The emergence of just-in-time compilers (JIT) made JavaScript much faster and later drove its mass adoption as THE web language. JIT combines the best of interpreters and compilers by adding monitors (or profilers) that watch the code as it runs and eliminates the repetitive run time for the same line of code. When the same lines of code run a few times, this is called ‘warm code,’ and if it runs a lot, it is called ‘hot code.’ When the function runs warmer, JIT will send the lines of function to be compiled to a “stub” and then stored such that if the monitors later detect the execution is hitting the same lines of code again, with the same variable types, it will put out the compiled version. This process is called ‘compile and optimize.’
To make the version faster, the optimizing compiler must make assumptions and validate these assumptions to make judgments. In other words, the compiled code needs to be checked and validated before it runs. When the JIT detects that it made wrong assumptions, it will deoptimize the code in a process referred to as ‘deoptimization.’ Even with these major advancements with JIT, the performance of JavaScript can still be unpredictable and requires not only long runtimes for optimization and deoptimization, but also significant memory for bookkeeping, optimization, and recovery.
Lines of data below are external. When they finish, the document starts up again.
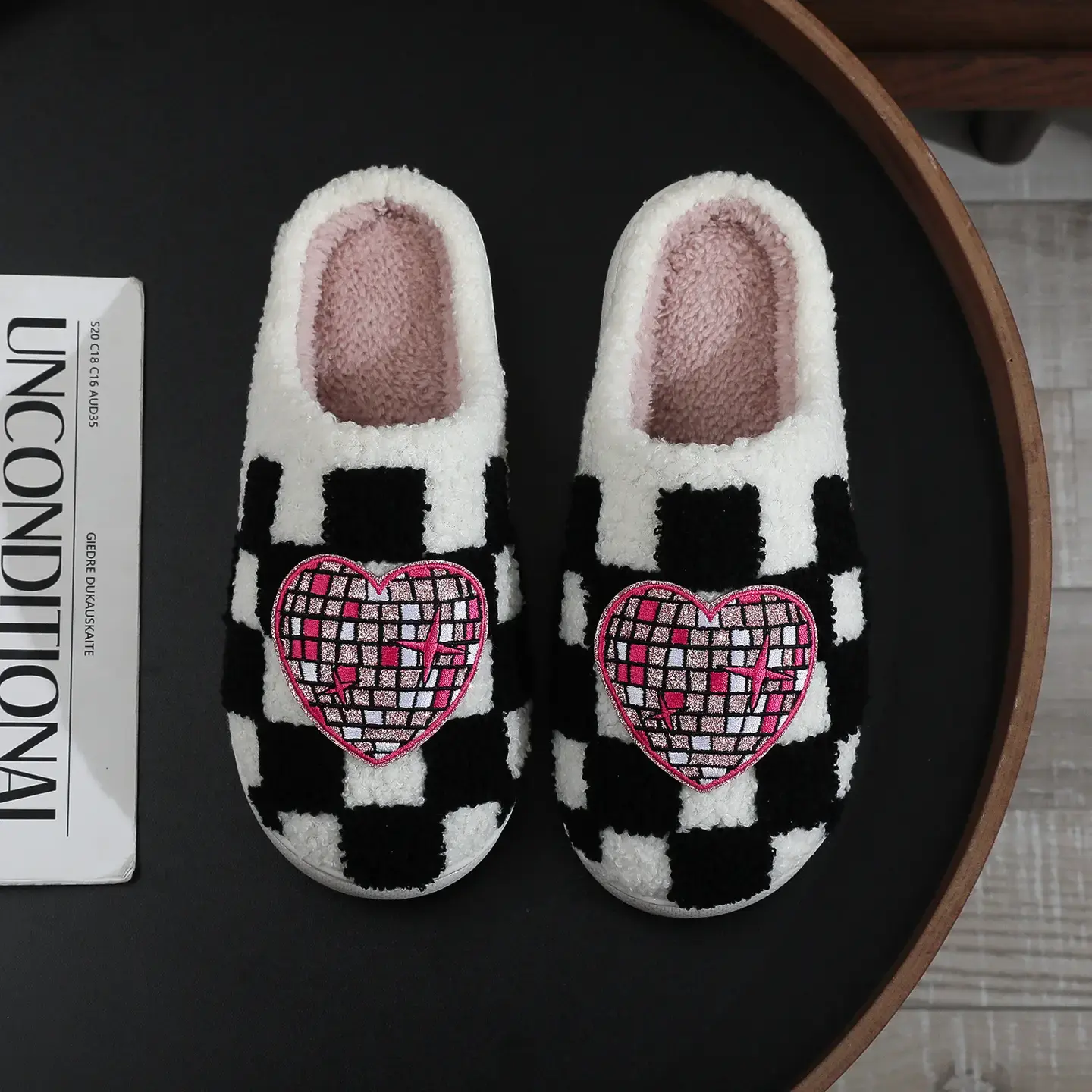 Valentines Checkerboard Heart Plush Slippers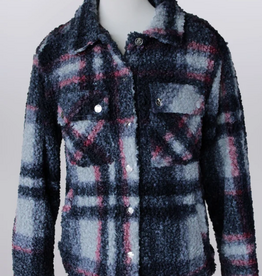 Keren Hart Keren Hart Grey/Navy Snap Up Jackets
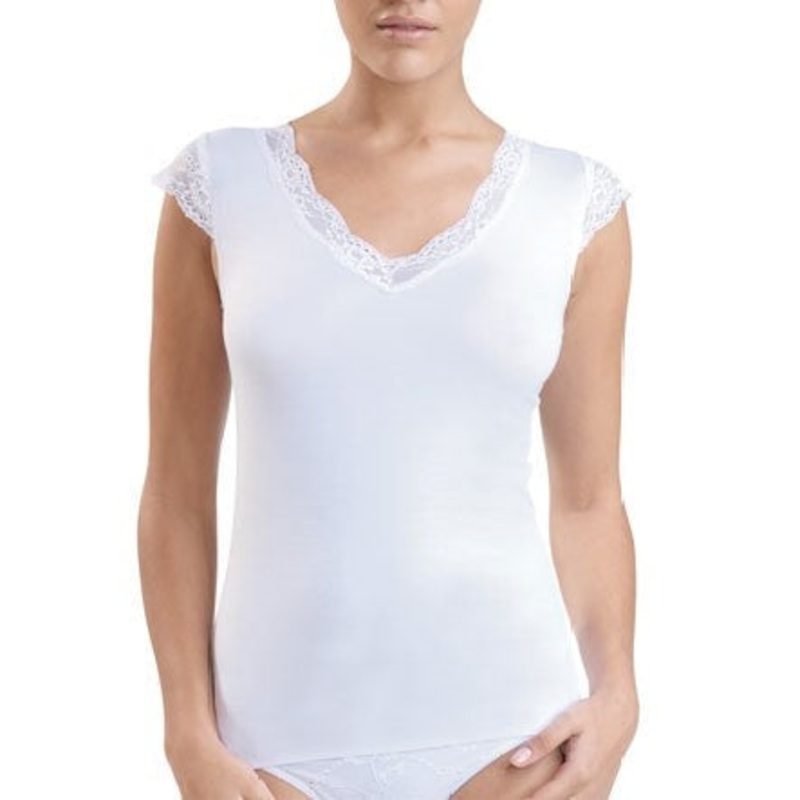 Blackspade - Comfort Classics Lace V-Neck Singlet White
Let us now return to the first concept: assembly. Assembly is a low-level programming language developed in the 1980s that is designed to simplify the instructions that embed into the computer CPU. Put differently, it is a human abstraction code that frees programmers from having to count in binary for machines to understand (an accessible and more lively explanation by Lin Clark here). Assembly language is still in use today and can be viewed as the precursor to WASM, but it remains slow, tedious, and lacks portability. Converting assembly language is non-trivial work, and despite advances in automation, the legacy system and software that must be used to tackle directly specific hardware means that assembly just doesn’t have any portability. Assembly language was resurrected via JavaScript as asm.js, a subset of JavaScript that provides a sandboxed virtual machine for such languages as C/C++ that enables the much faster performance of C/C++ programs than natively compiled code. In some specific use cases, most notably on mobile devices, downloading and compiling asm.js can still be very slow. Instead of compiling bulky source code, why not use the machine's native code? Enter WebAssembly (WASM).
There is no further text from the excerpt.